THE DUTCH IN BRAZIL
“Accuratissima Brasiliae Tabula” copper engraving published by Henricus Hondius around 1635. With original hand colouring. Size. 39 x 50 cm.
In the summer of 1629, the Dutch coveted a newfound interest in obtaining the captaincy of Pernambuco, the largest and richest sugar-producing area in the world. The Dutch fleet of 65 ships was led by Hendrick Corneliszoon Loncq; the Dutch West India Company (WIC) gained control of Olinda by 16 February 1630, and Recife (the capital of Pernambuco) and António Vaz by March 3.
Matias de Albuquerque, the Portuguese governor of Pernambuco, led a strong Portuguese resistance which hindered the Dutch from developing their forts on the lands which they had captured. By 1631, the Dutch left Olinda and tried to gain control of the Fort of Cabedello on Paraíba, the Rio Grande, Rio Formoso, and Cabo de Santo Agostinho. These attempts were also unsuccessful, however.

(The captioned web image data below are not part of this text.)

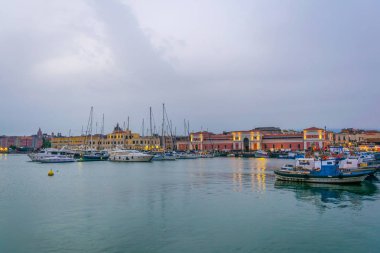 Catania bağlantı noktası, Sicilya, Ital görünümünü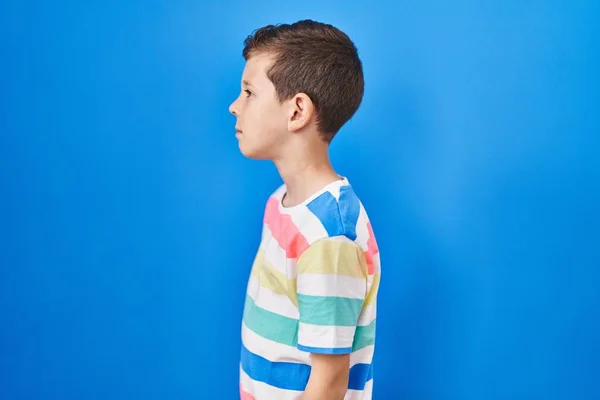 Young Caucasian Kid Standing Blue Background Looking Side Relax Profile — ストック写真
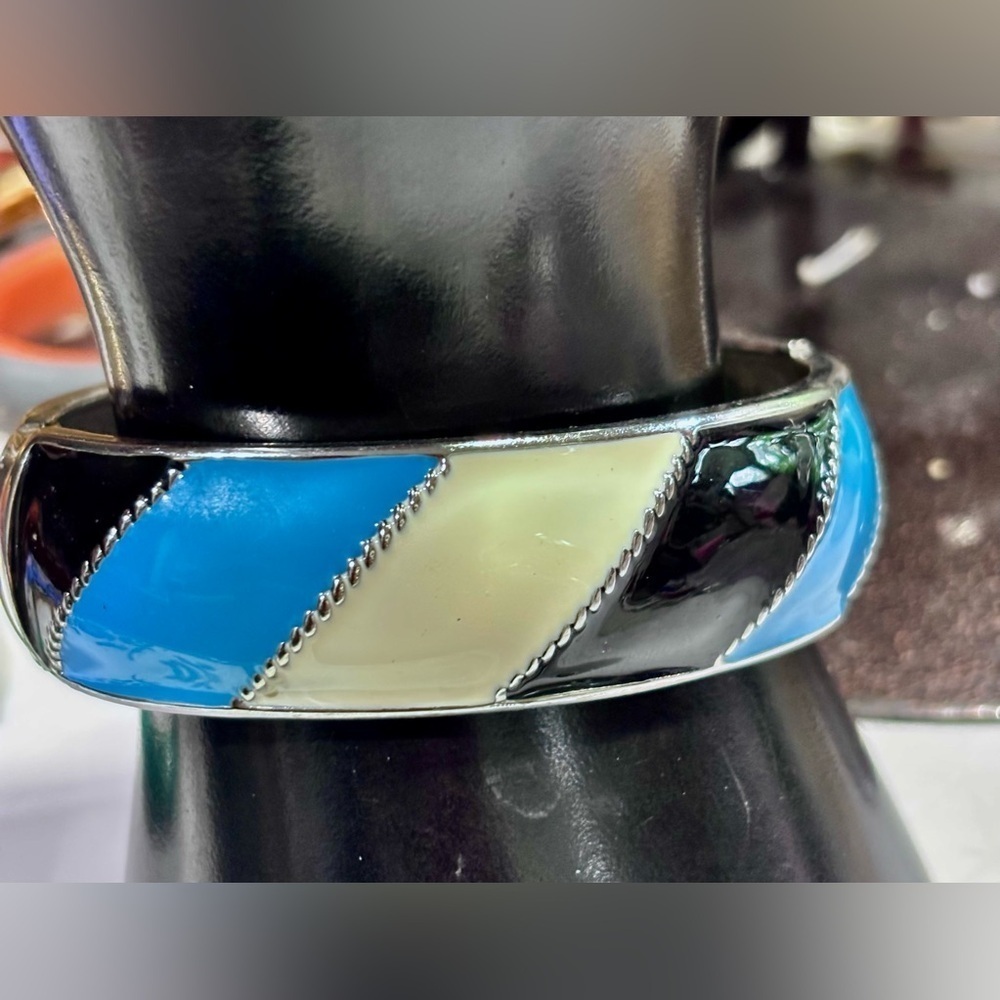 Blue and white enamel striped bangle bracelet #boho #retro
EUC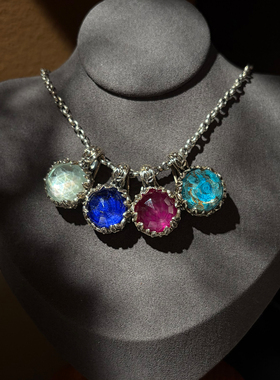 GEROCHRISTO古典感圆形宝石吊坠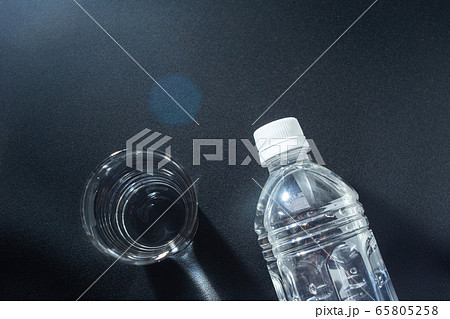 水とペットボトル。水分補給。健康・スポーツやトレーニング。熱中症対策など。 65805258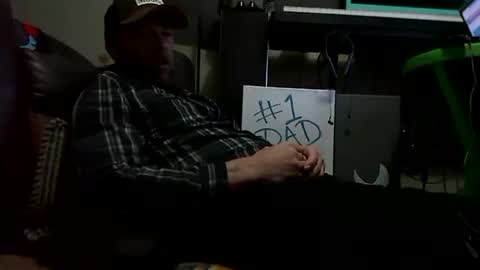 Awwwww Hey Sweetie Pies. Welcome To The Sweetie Pie Lounge. Enjoy The Dad-Cast. SweetCorny Fun-loving Dad Talk. online show from 3, 12, 2025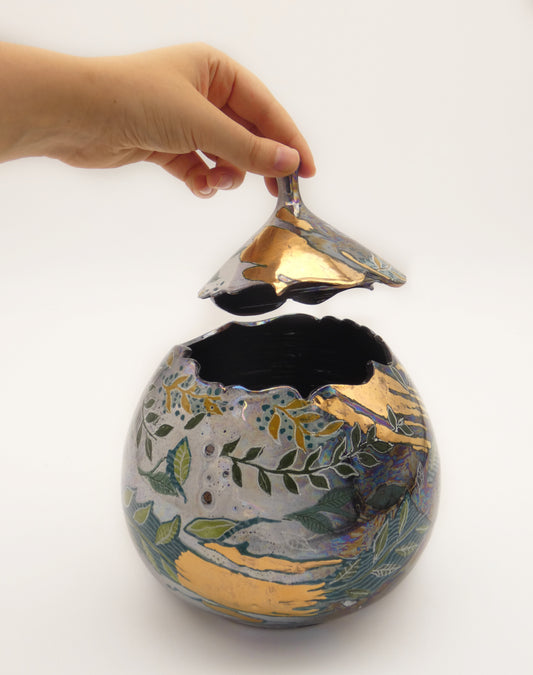 Lidded box – Lustre, Gold & Platinum | Riflessi e Risonanze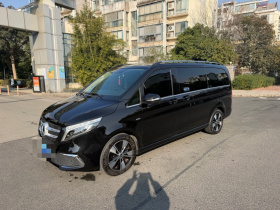 奔驰V级 2021款 V 260 尊贵版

Still in control of António Vaz and Recife, the Dutch later gained a foothold at Cabo de Santo Agostinho. By 1634 the Dutch controlled the coastline from the Rio Grande do Norte to Pernambuco’s Cabo de Santo Agostinho. They still maintained control of the seas as well. By 1635 many Portuguese settlers were choosing Dutch-occupied land over Portuguese-controlled land. The Dutch offered freedom of worship and security of property. In 1635 the Dutch conquered three strongholds of the Portuguese: the towns of Porto Calvo, Arraial do Bom Jesus, and Fort Nazaré on Cabo de Santo Agostinho. These strongholds gave the Dutch increased sugar lands which led to an increase in profit.
It was around 1635 that Henricus Hondius published this map. In the interior parts of the map we see indigenous people fighting each other and heads impaled on poles. Cannibals dissect a body and are roasting an arm. In another picture, someone is napping in a hammock.
The Dutch remained a minority during their almost 24 years of rule over Brazil’s northern coast. This created a precarious balance between the Dutch Protestant administrative elite and the Portuguese Catholic landlords.
Residents of Nieuw Holland could trade freely (although subject to import and export taxes) in all goods, except for African slaves, dye wood and ammunition, to which the WIC retained exclusive rights.